The WHITE-EYED TOWHEE is found on the Atlantic Coast region from about Charleston, South Carolina, to southern Florida. He resembles his northern cousin except that his eyes are white, and that his wings and tail have less white on them. There are several species of towhee in our western states.

Before the trees are in leaf, there appears in our April woods a lively, trim, and attractive bird who makes himself known in no uncertain manner. So bustling and energetic is he, so cheerful and self-confident, without unpleasant aggressiveness, that he always attracts attention. The uninitiated frequently call him an oriole, whom he does resemble in having a glossy black head, throat, back, and tail, and white markings on his wings, with reddish-brown like that of the orchard oriole on his sides; but there the resemblance ceases, for the oriole has in addition a reddish-brown breast, belly, and rump.

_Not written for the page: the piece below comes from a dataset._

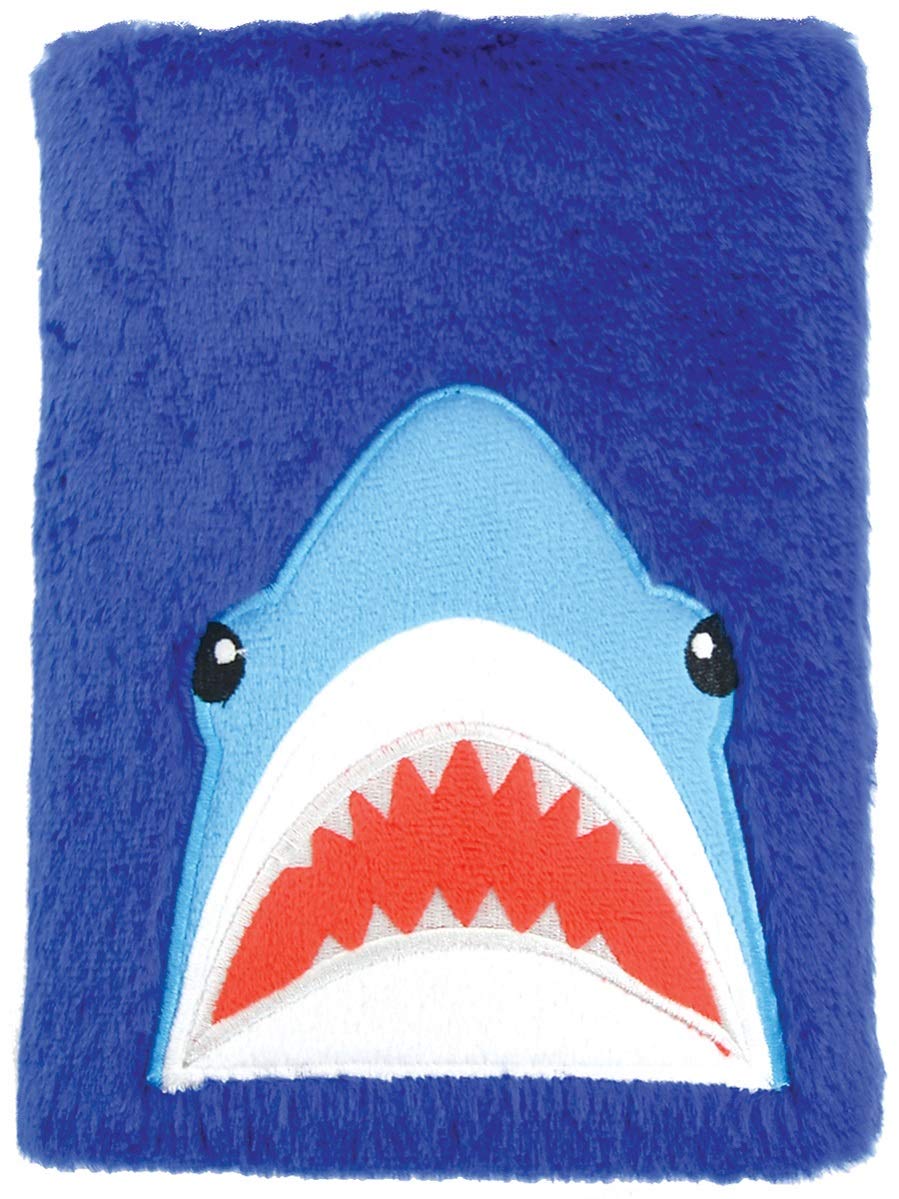 iscream Plush Fur Embroidered Accent Book-Bound Lined-Page 8.5" Journal - Shark Buddy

Then, too, the towhee arrives early, before larvæ have hatched; the oriole arrives in May, when swarms of insects have begun their work of fertilizing blossoms of fruit trees.

Professor Beal writes of the towhee as follows: “After snow has disappeared in early spring, an investigation of the rustling so often heard among the leaves near a fence or in a thicket will frequently disclose a towhee at work scratching for his dinner after the manner of a hen; and in these places and along the sunny border of woods, old leaves will be found overturned where the bird has been searching for hibernating beetles and larvæ. The good which the towhee does in this way can hardly be overestimated, since the death of a single insect at this time, before it has had an opportunity to deposit its egg, is equivalent to the destruction of a host later in the year.”[91]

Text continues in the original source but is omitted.